The solubility of AgCl will be miniumum in

To determine the solution in which the solubility of AgCl (silver chloride) will be minimum, we need to analyze the effect of common ions on the solubility equilibrium of AgCl. ### Step-by-Step Solution: 1. **Understanding the Dissociation of AgCl:** - AgCl dissociates in water as follows: \[ \text{AgCl (s)} \rightleftharpoons \text{Ag}^+ (aq) + \text{Cl}^- (aq) \] - The solubility product constant (Ksp) for AgCl is given by: \[ K_{sp} = [\text{Ag}^+][\text{Cl}^-] \] 2. **Identifying the Effect of Common Ions:** - The presence of a common ion in solution will shift the equilibrium to the left according to Le Chatelier's principle, thereby decreasing the solubility of AgCl. 3. **Analyzing Each Solution:** - **Pure Water:** - Contains no common ions.

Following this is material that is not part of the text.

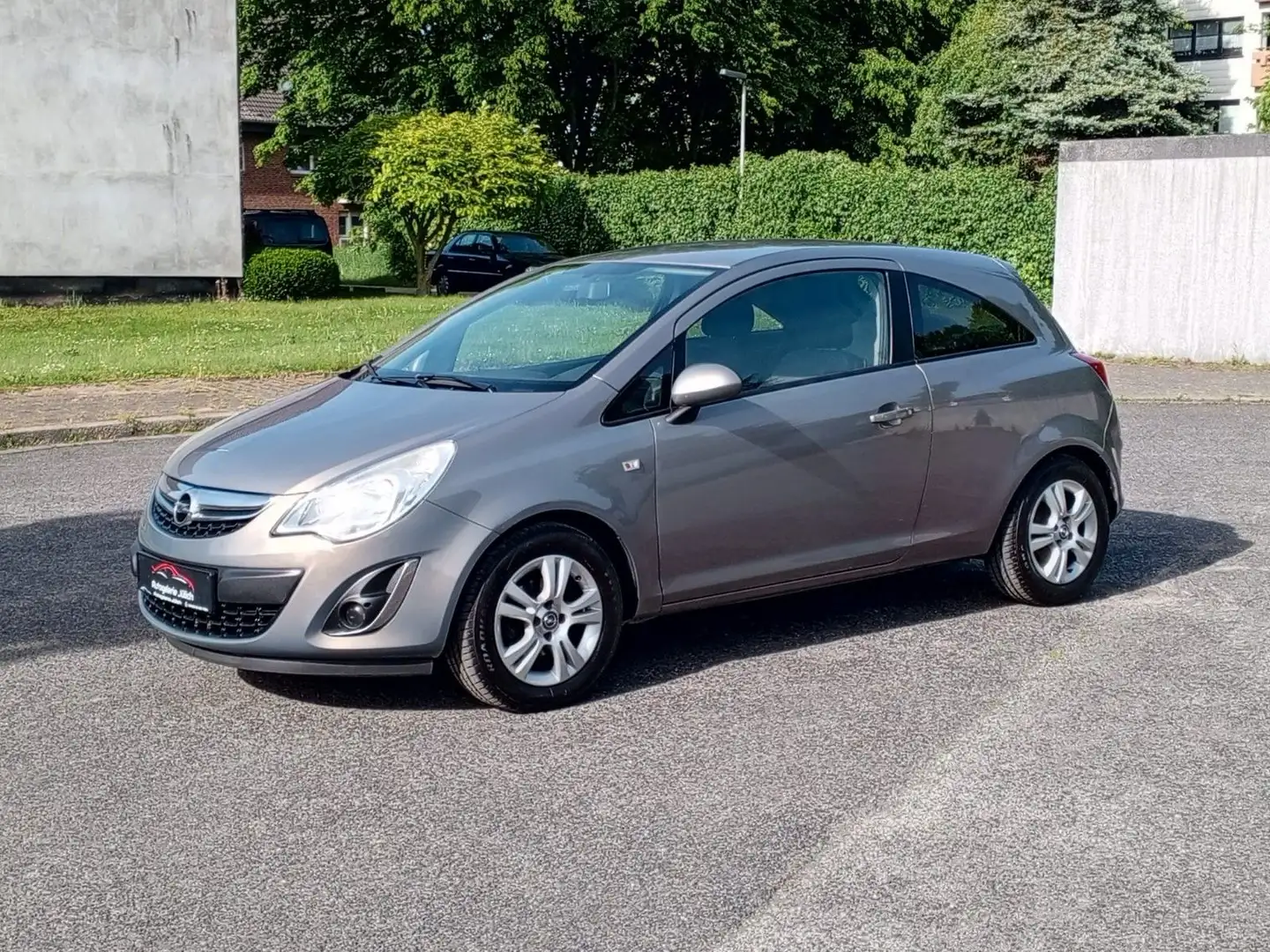 Opel Corsa D Satellite 1.4*wenig km*Automatik*Tüv Neu Braun - 1
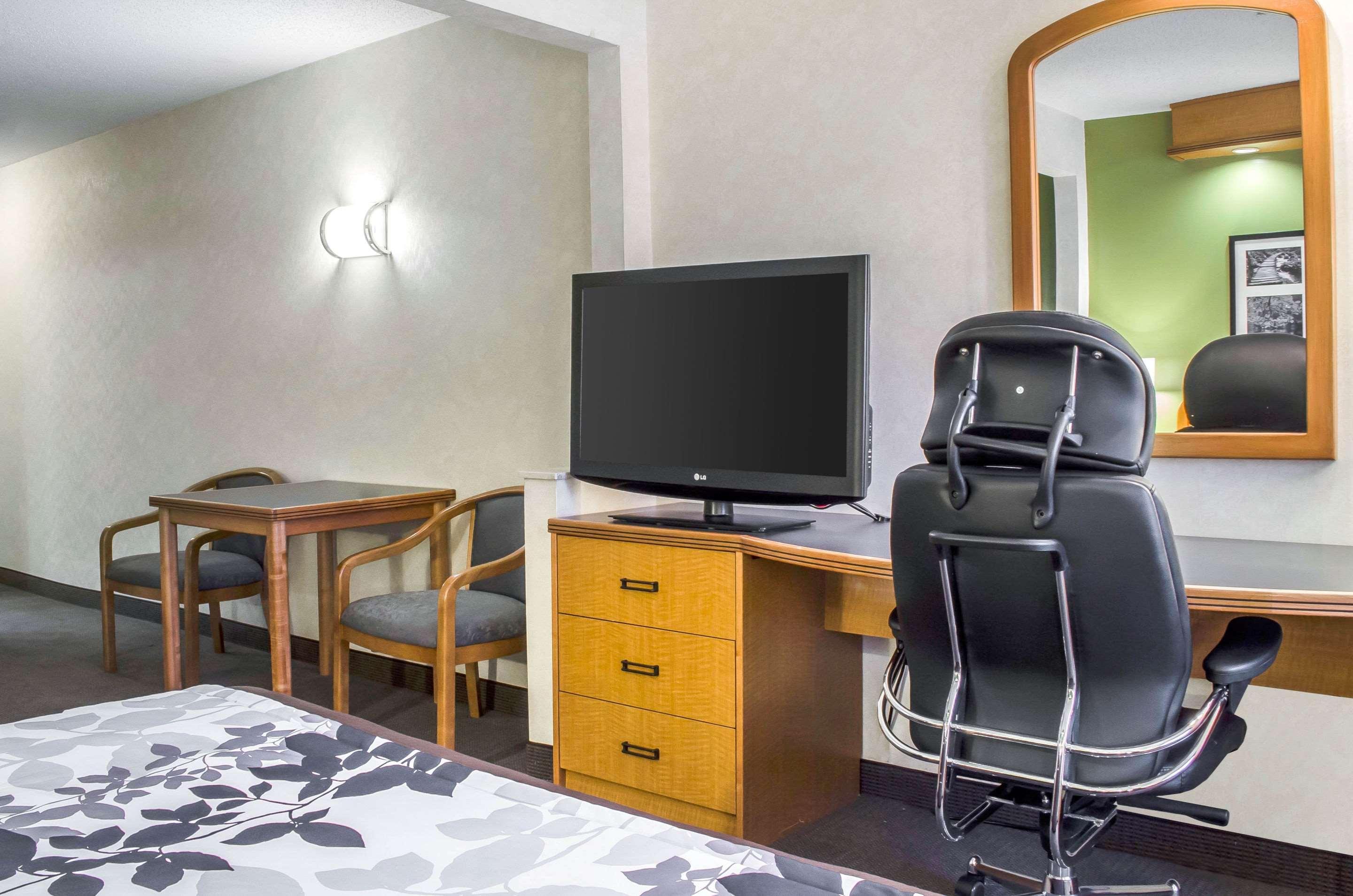 Sleep Inn & Suites Bensalem Zewnętrze zdjęcie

Therefore, AgCl will have its normal solubility. - **AgNO3 (0.001 M):** - Dissociates into Ag\(^+\) and NO3\(^-\): \[ \text{AgNO}_3 \rightarrow \text{Ag}^+ + \text{NO}_3^- \] - The presence of Ag\(^+\) ions will decrease the solubility of AgCl. - **CaCl2 (0.01 M):** - Dissociates into Ca\(^{2+}\) and Cl\(^-\): \[ \text{CaCl}_2 \rightarrow \text{Ca}^{2+} + 2\text{Cl}^- \] - The Cl\(^-\) ions will also decrease the solubility of AgCl due to the common ion effect. - **NaCl (0.01 M):** - Dissociates into Na\(^+\) and Cl\(^-\): \[ \text{NaCl} \rightarrow \text{Na}^+ + \text{Cl}^- \] - Similar to CaCl2, the presence of Cl\(^-\) ions will decrease the solubility of AgCl. 4. **Comparing the Solutions:** - Among the solutions, NaCl and CaCl2 both provide Cl\(^-\) ions, but CaCl2 provides twice as many Cl\(^-\) ions due to its dissociation into 2 Cl\(^-\) ions for every formula unit. - Therefore, the solution with the highest concentration of common ions (Cl\(^-\)) will lead to the least solubility of AgCl. 5. **Conclusion:** - The solubility of AgCl will be minimum in **CaCl2 (0.01 M)** due to the higher concentration of common ions (Cl\(^-\)) compared to the other solutions. ### Final Answer: The solubility of AgCl will be minimum in **CaCl2 (0.01 M)**.